§ **Task instructions**: What you hand back must match the records word for word, with no pictures.

§ **Exercise data**:

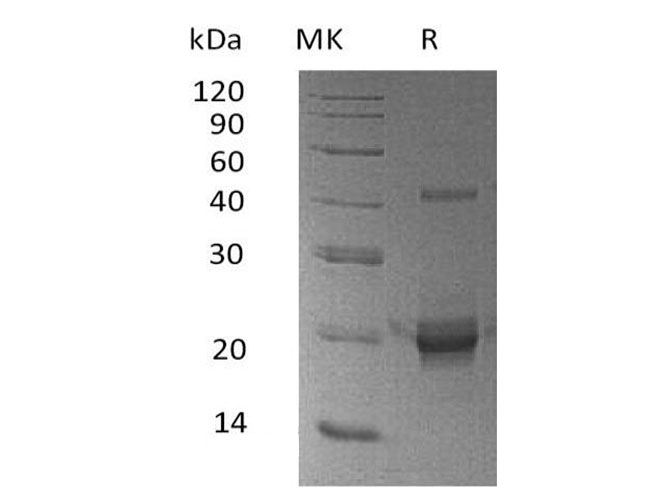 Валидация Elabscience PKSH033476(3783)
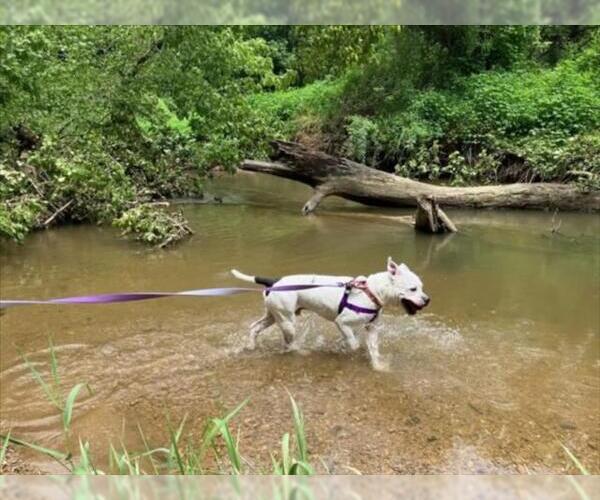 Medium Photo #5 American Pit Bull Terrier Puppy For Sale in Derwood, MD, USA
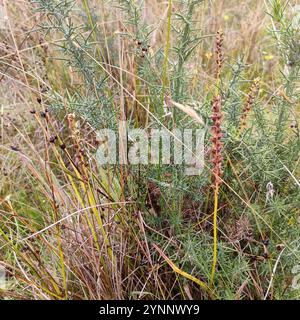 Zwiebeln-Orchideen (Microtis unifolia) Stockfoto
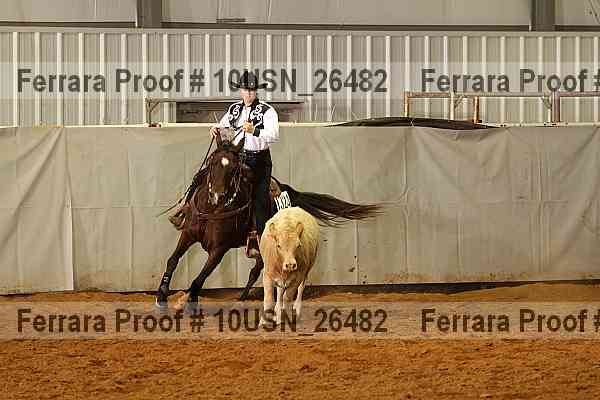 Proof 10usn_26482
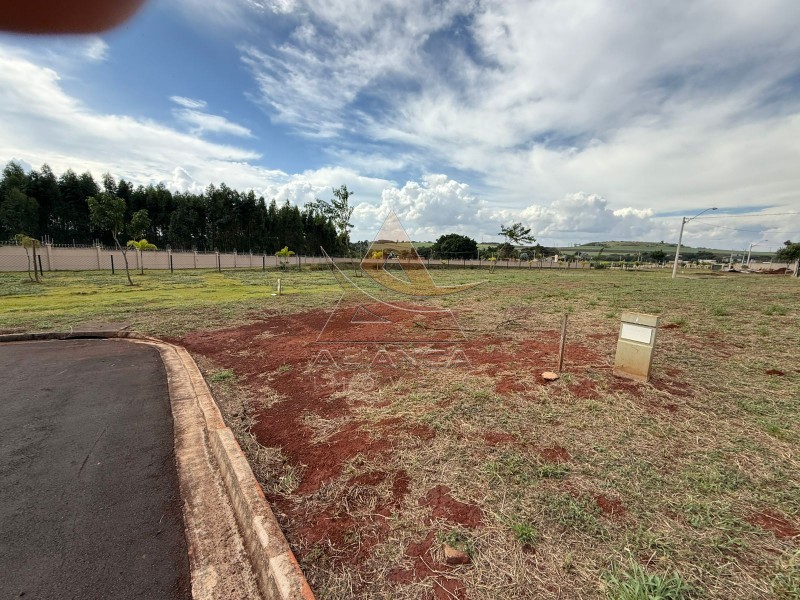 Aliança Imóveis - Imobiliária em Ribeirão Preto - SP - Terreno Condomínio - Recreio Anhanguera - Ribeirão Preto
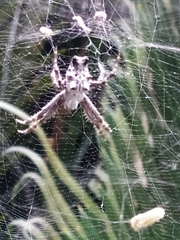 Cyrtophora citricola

§ **Solution to the exercise**:
 Валидация Elabscience PKSH033476(3783)
 Medium Photo #5 American Pit Bull Terrier Puppy For Sale in Derwood, MD, USA
 Zwiebeln-Orchideen (Microtis unifolia) Stockfoto
 Proof 10usn_26482
 Aliança Imóveis - Imobiliária em Ribeirão Preto - SP - Terreno Condomínio - Recreio Anhanguera - Ribeirão Preto
 Cyrtophora citricola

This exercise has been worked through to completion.